To summarize the different strategies per location, we will convert each strategy to a % and present it as a stacked bar plot.

In [None]:
table = pd.pivot_table(df[["Climate","Cooling startegy_building level"]],
                       index=["Climate"],columns=["Cooling startegy_building level"],
                       aggfunc=len,
                       fill_value=0)

In [None]:
def conv_to_per(df):

    """
    Converts columns to %
    """
    to_drop = []
    df["Sum"] = np.sum(table,axis=1)
    for i in df:
        
        df[i + " percent"] = np.round(df[i] / df["Sum"] * 100,2)
        to_drop.append(i)

    df = df.drop(to_drop,axis=1)
    df = df.drop("Sum percent",axis=1)

    return df

In [None]:
#Data
table = conv_to_per(table)

#Plot
table.plot.barh(stacked=True,figsize=(15,10))

plt.legend(loc='upper center', bbox_to_anchor=(0.5, -0.05),
          fancybox=True, ncol=5)

plt.title("Percentage of cooling strategies per climate",
          alpha=0.75,weight="bold",fontsize=20, loc="left")

Another interesting way to present this data is via spider/radar plots.
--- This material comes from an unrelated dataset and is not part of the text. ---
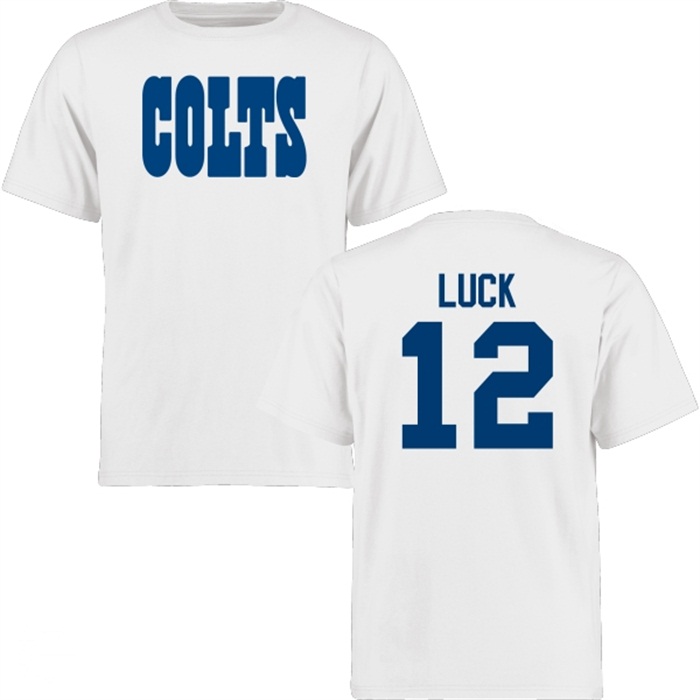 Indianapolis Colts #12 Andrew Luck White Name & Number Wordmark T-shirt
Researching for this plot, I found that many methods for it are a bit complicated and difficult to understand. The code I wrote for it requires very little alteration and is more straightforward.

In [None]:
fig, axs = plt.subplots(figsize=(15,40))

lab = table.columns

for i in range(19):
    
    data = table.iloc[i,:]
    data_adjusted = np.concatenate((data,[data[0]]))
    label_palce = np.linspace(start=0, stop=2*np.pi, num=len(data_adjusted))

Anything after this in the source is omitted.